Write the data out in full and word for word. Do not include images.
======== DATA BELOW ========
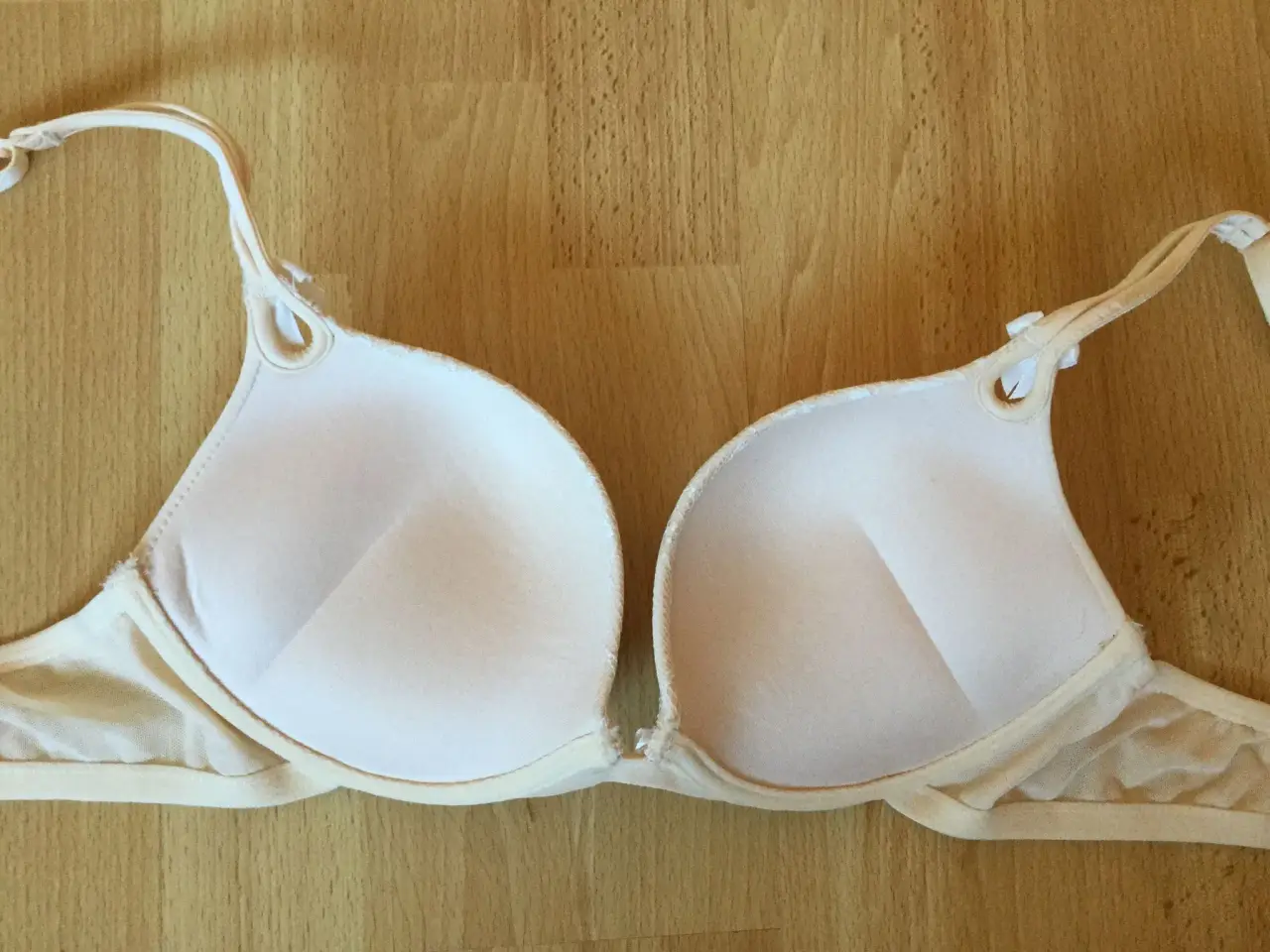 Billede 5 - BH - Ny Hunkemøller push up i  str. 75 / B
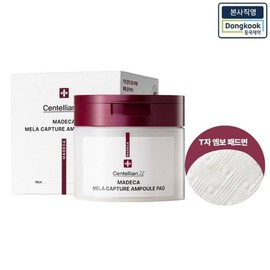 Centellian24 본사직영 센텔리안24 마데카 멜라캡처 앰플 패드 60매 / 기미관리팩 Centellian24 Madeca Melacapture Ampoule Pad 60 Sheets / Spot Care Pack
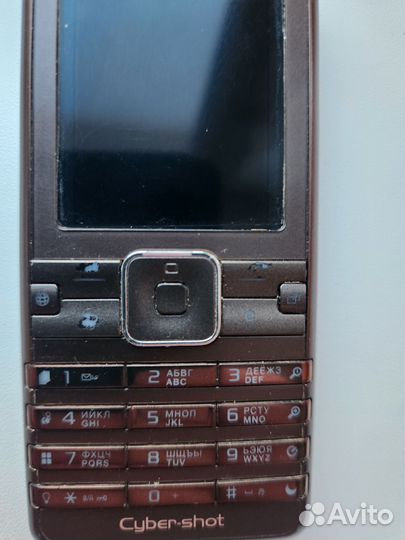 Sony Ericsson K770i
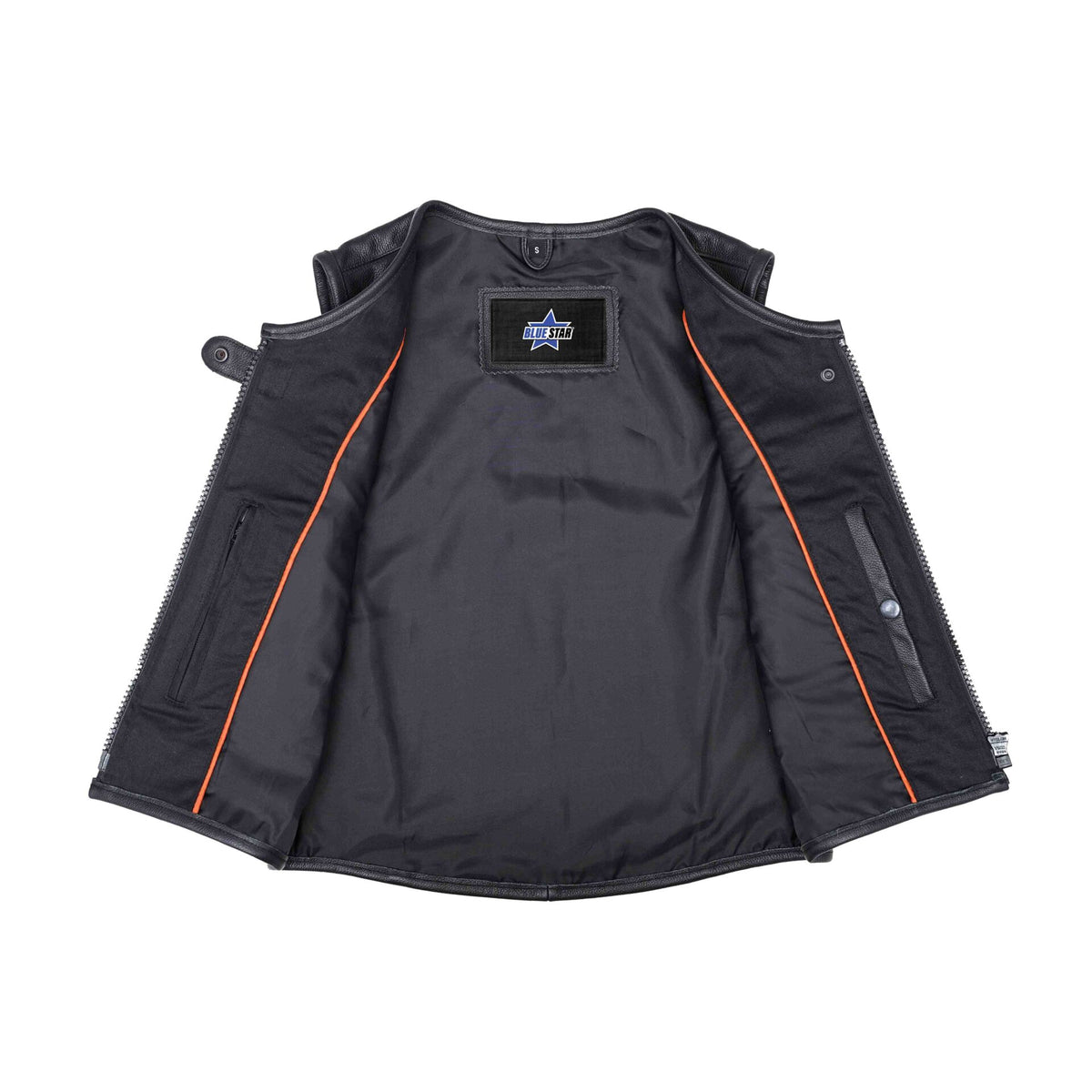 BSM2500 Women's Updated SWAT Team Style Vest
========
■ **RESULT OF THIS EXERCISE**:
 Billede 5 - BH - Ny Hunkemøller push up i  str. 75 / B
 Centellian24 본사직영 센텔리안24 마데카 멜라캡처 앰플 패드 60매 / 기미관리팩 Centellian24 Madeca Melacapture Ampoule Pad 60 Sheets / Spot Care Pack
 Sony Ericsson K770i
 BSM2500 Women's Updated SWAT Team Style Vest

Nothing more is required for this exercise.